To be honest, I saw the new Winnie the Pooh movie for three reasons which, in specific order, where: 1) It had three songs in it performed by Zooey Deschanel, who regular readers of mine know is my dream girl, 2) It had TV’s Craig Ferguson voicing Owl and I’ll watch anything that has an appearance by Mr. Ferguson, even if it’s just his voice, and 3) I like taking a break from the usual CGI-animated movies, which usually come in 3D, and bask in the glory of good ol’ fashioned 2D animation. And even though those were, to me at least, three good reasons to give Winnie the Pooh a shot, I do admit they don’t sound reasons that make it seem as though I was expecting something great, and maybe I wasn’t, but this film really was something very very good.

It’s a film that’s just a truly nostalgic ride, one that really feels like the oldschool family films that could be enjoyed by parents and kids alike, that was sweet and short, that had some traditional animation values and just a sweet-nature behind it all, it was just as true a Winnie the Pooh movie as you’d imagine. And you have no idea just how much you’ll appreciate that until you actually watch it, I mean, this film is barely over an hour, it’s just seriously sweet and not loud at all, and in today’s intensely congested animated movie-world you’ll find that a film in 2D, with no A-list celebrity voicework done to get promotion, and no excessive mention of pop-culture is something to truly treasure. The fact that it features our favorite honey-loving bear just makes it all that much better.

And you fall in love all over again with the classic staples of the Pooh tales, like the fact that our animal friends misread a note from Christopher Robin to get the action rolling, the fact that they’re searching for Eeyore’s tail, the fact that Pooh is obviously still looking for honey. We know all of these things from years of growing up with these characters, and it’ll tickle our nostalgic bones in the best of ways, and the little ones who don’t know about Winnie the Pooh yet now have a great new film to get initiated with. And that’s one of the things that I loved so much about this film, that it tried to get new audience to the Winnie the Pooh brand by giving them exactly what it gave to so many generations before, and not by rebooting or updating the brand to make it more hip. The Hundred Acre Wood is the same as we remembered it, the film still teaches the same sort of lessons, the characters will burst into lovely little tunes, it’s all the same sweet kind of silliness that we’ll always love.

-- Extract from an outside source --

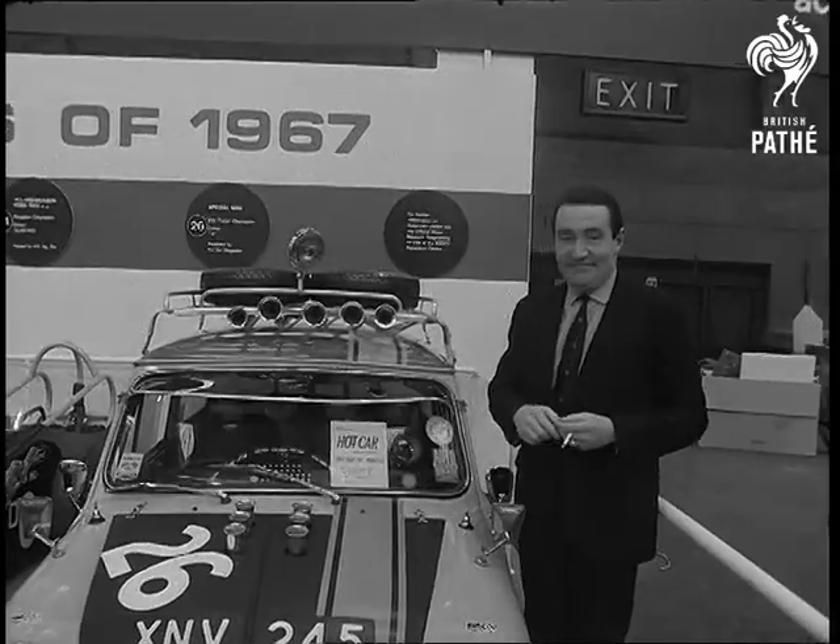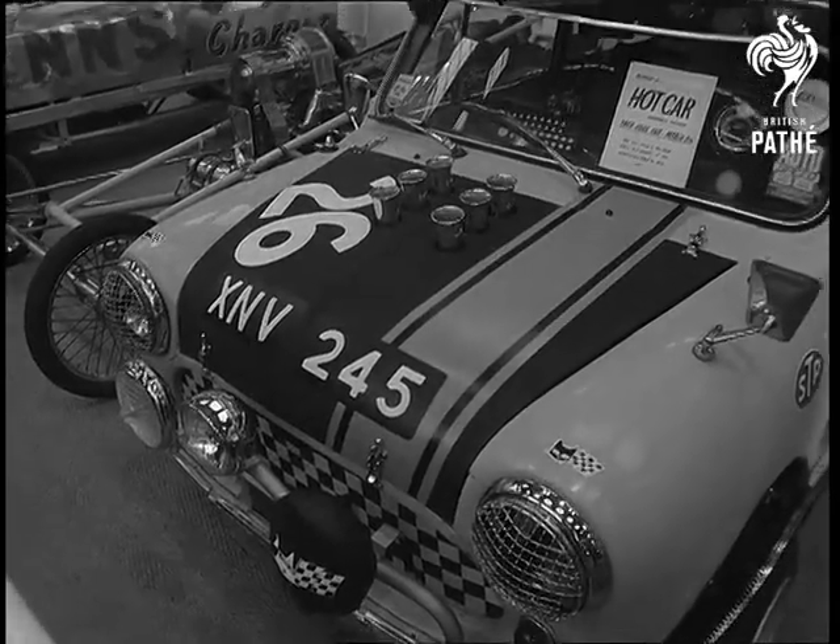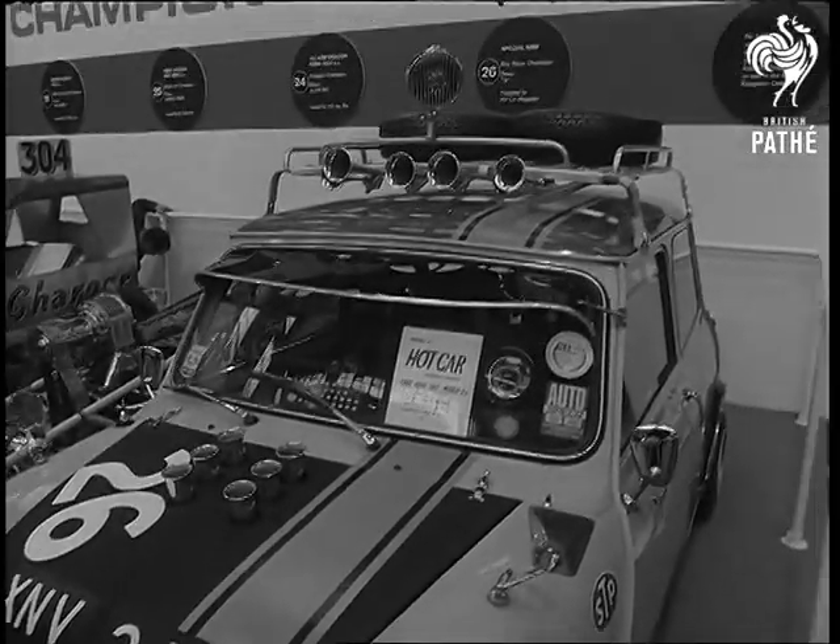Champion rally driver Paddy Hopkirk couldn't resist admiring this hotted-up super mini. Driving a car like that calls for safety measures.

So if you have to take a kid with you to the movies, and you’re torn between this and Cars 2, let me advice you to pick this one without hesitating for a second. Because even if grown-ups won’t necessarily seek out Winnie the Pooh on their own, I can bet that they’ll have a serious flashback session to their childhood as soon as they see their old animal friends take a new approach to an old story, and they’ll probably even be a bit jealous of the infant sitting next to them, for the sheer fact that they’re meeting Winnie and Tigger and Owl and Piglet for the very first time. And, like I said, it’s just awesome to see an animated movie that doesn’t “star” a big-name celebrity. The biggest name here is Mr. Ferguson who’s actually wonderful as Owl, and all the vocal performances are really perfect, lively in a way that doesn’t like it does in so many other movies, in which celebrities try to be showy in their voicework.

Please go see Winnie the Pooh, I really can’t urge you enough to do so, don’t go about it like it’s a kids movie, because even though it is, the cuddly, hand-drawn characters and the soft colors will really move any adult who has grown up with these characters. Not to mention that the film is just very funny and amusing, in a way that only the earnestness of a Winnie the Pooh movie can be goofy, it’s a type of G-rated fun that’s so good-natured and sweet that you’d think you wouldn’t be able to find it in theaters anymore, and you should do your best to really appreciate that. The music is awesome, too, done by Robert Lopez, who’s a Tony Award winner for Avenue Q and The Book of Mormon, alongside his wife. They’re just truly nifty compositions that will have kids loving the music and adults enjoying the quick lyrics, and then there are those songs sung by the lovely Ms. Deschanel, one of those few people who’s genuine brand of adorability would seem to fit right in the world of Pooh and his friends.